So last night was rather full. I arrived at Sean's apartment in the late afternoon, after checking my nine voicemail messages from friends demanding to know why I hadn't called them....*blush* I lost my phone. And didn't make a big effort to find it until I knew I was going out of town again.
Christy was soooooo upset in one message, that desperate measures were necessary. I called her with Sean sitting next to me (and no prior warning) and said, "I feel so bad that I missed your call, but since you're not answering to forgive me and relieve my suffering, and the only difference between the two of us lately is, as you said, my "sweet boyfriend"--I will now begin torturing the boyfriend until you call me back." Sean was, at this point, shouting "NO!" in the background, it was quite satisfying. So I continued, very decorous, very businesslike. "I haven't decided what I'll start with, but I'm sure in about an hour we will have progressed to whips and chains" more Nos from Sean "so do call me back..." *Click*
So she called and her reply was, "What a brilliant plan! Except, someone should torture YOU when you don't call ME back!"
So now whenever I owe her a phone call I get the following text message: "Too bad you're not being tortured!" And I know she's wishing evil things upon me if I don't call her back.
So, that was the beginning.
When I finally got off the phone with Christy, I saw Sean had his phone to his ear, pretending to use it...with the flap closed. I boxed his ears (or pretended to) and we settled down to the business of ordering food from the BK Lounge. Usually he takes me to Chile's or the Green Leaf or Kirin, but we were both in the mood for fast food last night. Did you know there's a gas shortage in Hammond?? Racetrac AND Shell! Well, one of the shells.
All evening I'd been trying to play the Question Game with Sean, not by explaining the rules mind you, but by cheating mercilessly and gaining points whenever he broke a rule he didn't know about and letting him find out in retrospect. Well, he didn't find that at all entertaining. So I began playing faster, which made me sloppy and since he thinks faster as a general rule, he began winning. He said he still didn't like it, but I'm telling you he was laughing too. I saved telling him about the Hesitation rule until we got to the movie theater though. He says "theater" funny. I told him it's his pretentious streak showing.
I'm so mean to him. But for all the meanness, we managed to have lots and looooottttssss of fun. Until Spiderman III. And the previews were awesome, and the comedic parts were awesome and James Franco was finally a character I could like (in fact, adore). But other than that I'm not telling. Just the movie was...disjointed. While watching it I felt like I was in actuality reading the comic, a bunch of little plots adding together for a bigger, yet elusive, plot at the end. I like comics, don't get me wrong, but if I'm going to read all of them back-to-back that's one of the characteristics that annoys me the most.
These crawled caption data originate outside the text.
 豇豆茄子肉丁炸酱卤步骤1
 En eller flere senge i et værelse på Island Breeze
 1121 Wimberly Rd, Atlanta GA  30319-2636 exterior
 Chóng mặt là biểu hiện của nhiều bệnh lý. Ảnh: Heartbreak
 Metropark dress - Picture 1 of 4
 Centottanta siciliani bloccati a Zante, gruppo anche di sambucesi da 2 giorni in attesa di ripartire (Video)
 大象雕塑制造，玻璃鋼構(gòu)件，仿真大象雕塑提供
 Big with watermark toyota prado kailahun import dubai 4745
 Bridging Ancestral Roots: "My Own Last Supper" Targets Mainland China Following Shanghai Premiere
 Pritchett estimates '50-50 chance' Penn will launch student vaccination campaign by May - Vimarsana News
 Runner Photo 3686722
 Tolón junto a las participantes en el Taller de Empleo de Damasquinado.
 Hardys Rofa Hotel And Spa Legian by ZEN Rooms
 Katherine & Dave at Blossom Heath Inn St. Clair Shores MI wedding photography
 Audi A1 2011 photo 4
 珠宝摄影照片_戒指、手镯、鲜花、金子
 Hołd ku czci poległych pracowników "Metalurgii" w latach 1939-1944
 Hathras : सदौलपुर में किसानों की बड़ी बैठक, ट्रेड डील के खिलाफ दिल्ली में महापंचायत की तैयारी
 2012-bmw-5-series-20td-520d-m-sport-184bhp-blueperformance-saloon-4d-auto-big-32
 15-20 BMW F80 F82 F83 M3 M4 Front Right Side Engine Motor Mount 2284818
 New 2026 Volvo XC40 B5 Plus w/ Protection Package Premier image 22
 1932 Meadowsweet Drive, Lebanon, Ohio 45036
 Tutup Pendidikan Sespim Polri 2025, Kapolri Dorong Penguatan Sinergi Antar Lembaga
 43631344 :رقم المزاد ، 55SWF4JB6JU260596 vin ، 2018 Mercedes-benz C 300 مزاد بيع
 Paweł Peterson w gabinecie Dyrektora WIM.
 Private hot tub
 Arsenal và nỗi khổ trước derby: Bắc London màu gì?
So we went home and talked, got into a serious discussion that made me late for hanging out with Joshua. Joshua's gram is dying, and he needed someone to talk to. So we hung out for a long time, doing Caine's, Wal-mart, and finally eating ice cream in the Books A Million parking lot as we talked about family dying and what happens to spirits when the body gives out, etc. I enjoyed the time. It wasn't morbid or too serious, but it had that important topic hidden under every few other topics.
I wanted to go back and cuddle with Sean but he had to be at work early, so I restrained myself. Say thank you, Sean.